Stored entries:
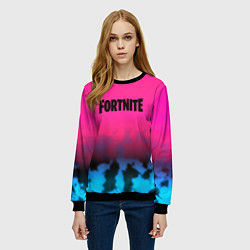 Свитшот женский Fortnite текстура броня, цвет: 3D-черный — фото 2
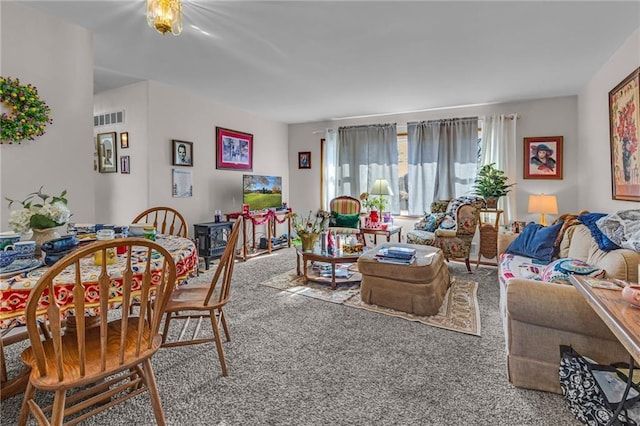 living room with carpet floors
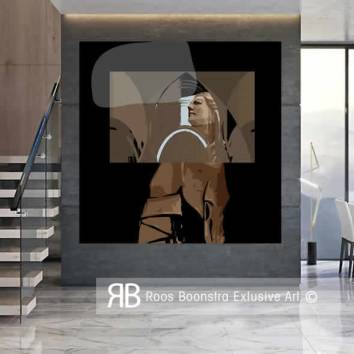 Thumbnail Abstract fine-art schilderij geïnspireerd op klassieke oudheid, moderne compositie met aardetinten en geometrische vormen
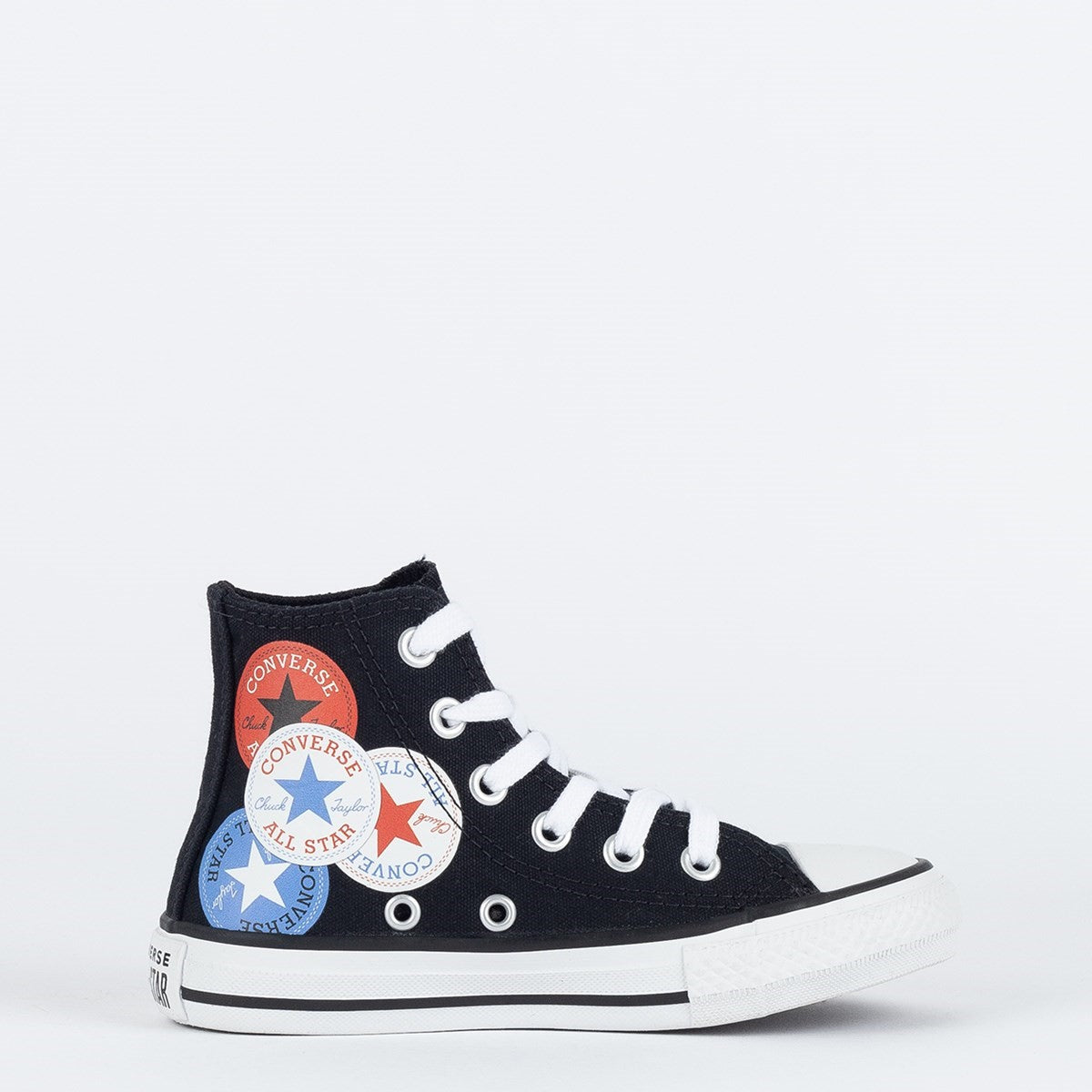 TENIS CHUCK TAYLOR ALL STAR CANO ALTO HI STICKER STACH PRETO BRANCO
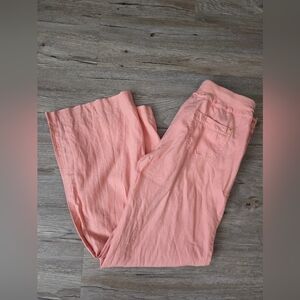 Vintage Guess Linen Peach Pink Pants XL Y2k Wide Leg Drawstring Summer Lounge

What to produce: With the pictures left out, copy exactly the lines from the one containing "TENIS CHUCK TAYLOR" through the final line of the records above, both included.

The completed task:
 TENIS CHUCK TAYLOR ALL STAR CANO ALTO HI STICKER STACH PRETO BRANCO
 Vintage Guess Linen Peach Pink Pants XL Y2k Wide Leg Drawstring Summer Lounge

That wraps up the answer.